One other anniversary I want to touch on...yesterday, my birthday, was also the anniversary of getting my very first scanner. Back in 2005 my brother gave me the best one I've ever owned for my birthday. The very first thing I scanned was a card I had gotten that day. Although we didn't know it yet, scanning would go on to be a MAJOR part of my life, and in 2009 I decided to scan my entire card collection. Still have about 1/3rd left to do, or more. 

I'm in such a modeling mode right now that my family didn't even get me cards, they got me modeling supplies! I did get some cards, however. a pwe from Chris, aka The Collector, arrived, and he said some of them were cards I claimed from took me a few minutes to remember that he did a Free Stuff Friday series. I have no idea which ones I claimed and which are a Pay it Forward gift, lol. Since it got too cold and I had to close my window, thus no more modeling, I actually got them scanned. 

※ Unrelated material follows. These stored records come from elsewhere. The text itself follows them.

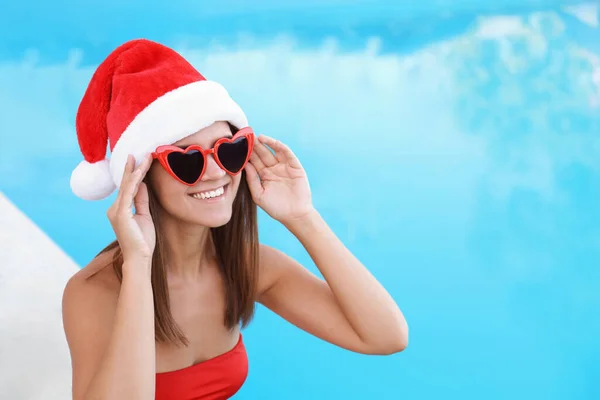 Ung Kvinna Bär Jultomte Hatt Nära Poolen Julsemester — Stockfoto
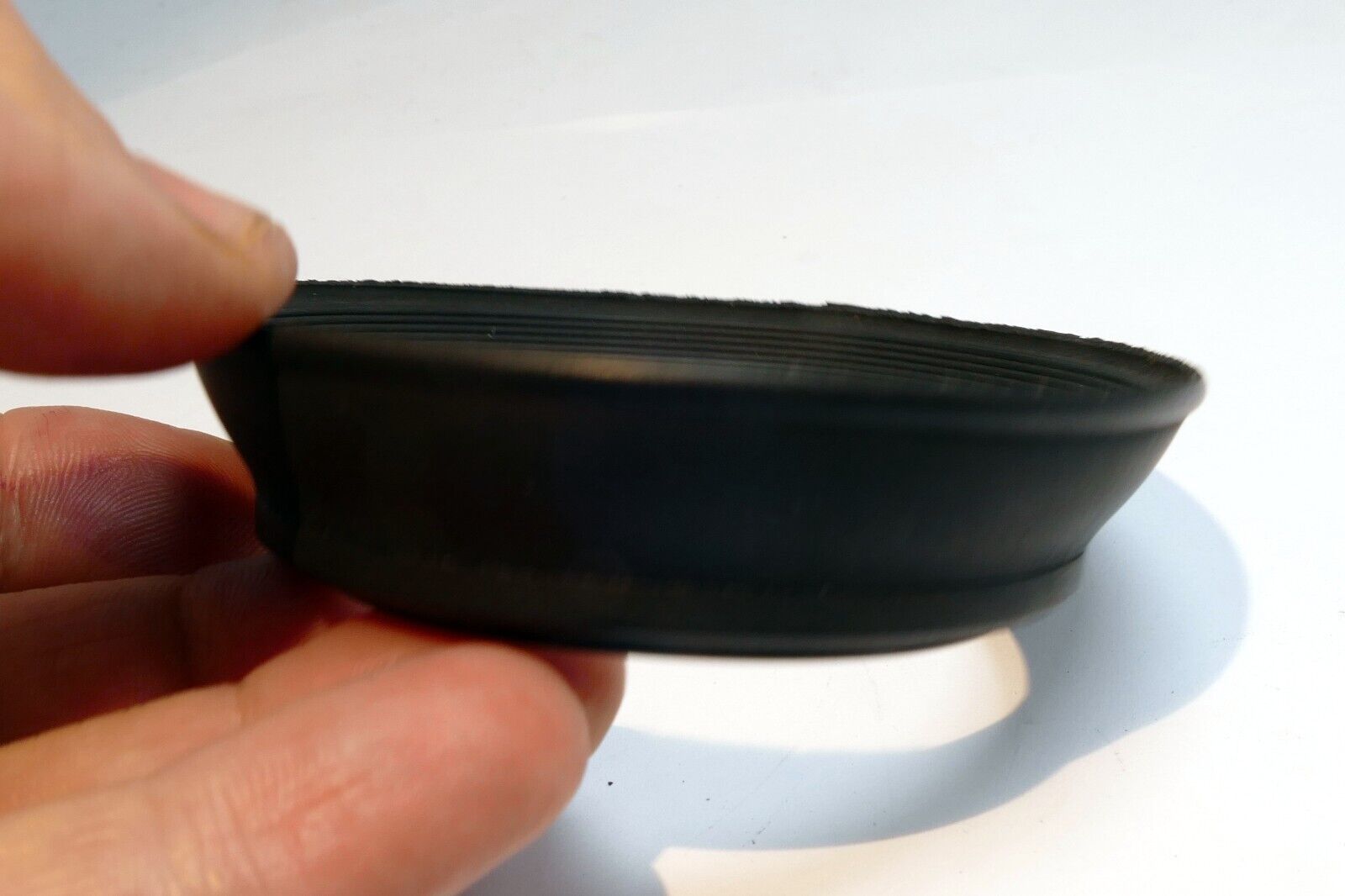 62mm Collapsible Rubber Lens Hood Shade for 70-210mm zoom double threaded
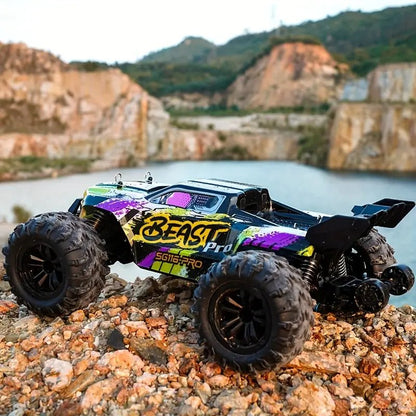 nærbillede af detaljer og materialer af 4WD radiostyret bil 40km/t - RC terrænbil BEAST PRO LED - Carlevel
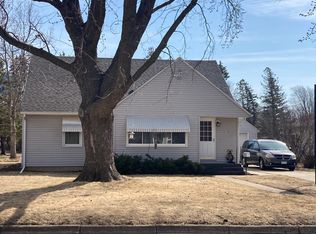 719 Spring St, Kenyon, MN 55946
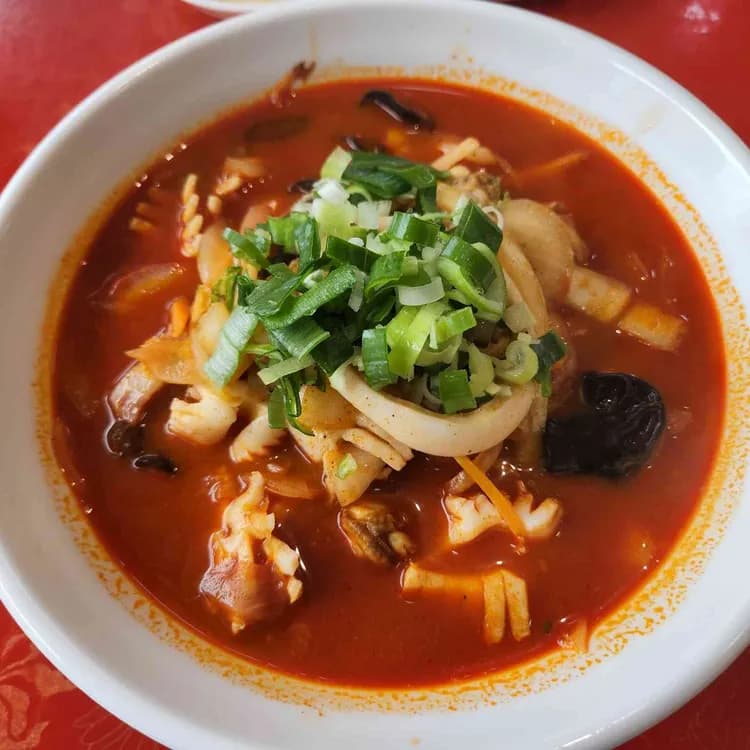 왕짬뽕, 가성비 최강의 맛집으로 손꼽히는 이곳! - AI 딩코의 맛집 공략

This is my first card from the Yo! MTV Raps set. I'm not a huge rap fan but will occasionally mix some into my music choices. Run-D.M.C. is iconic and a perfect card to be the first in my collection. Could this set be any more 1991? That's a good thing, by the way. 
This is an OPC version...I don't have too many of this set.
The Gold Parallel of the Rangers team card from 2013-14 Score. If Panini had given this set a colorful back this would probably be my favorite NHL set ever.

This was actually the first card out...I don't have many from this set either. I do like the design of it.

No, I'm not going to start collecting soccer cards! Although I do have a good number of this set...

Thanks Chris!

Monday, October 5, 2020

Tracking my NHL collection after the 2019-20 season

 This has been a crazy year. I think we all know that. Who could have predicted that my NHL end-of-season wrapup would be written on October 5th, instead of June somethingth? Yet, here we are. 

This is something else unusual, in that we have no real idea when the NHL will play again. Normally the new season starts this very week, and I would be anxiously awaiting it after several months without hockey. This year, the break came during the season, for 4 months, everybody played in a bubble and the season took 51 weeks to complete. And no one knows when hockey will be played again.  If any of our writing survives into the distant future, people who didn't live through 2020 will likely look at the records and think "that can't be right"...but it is. 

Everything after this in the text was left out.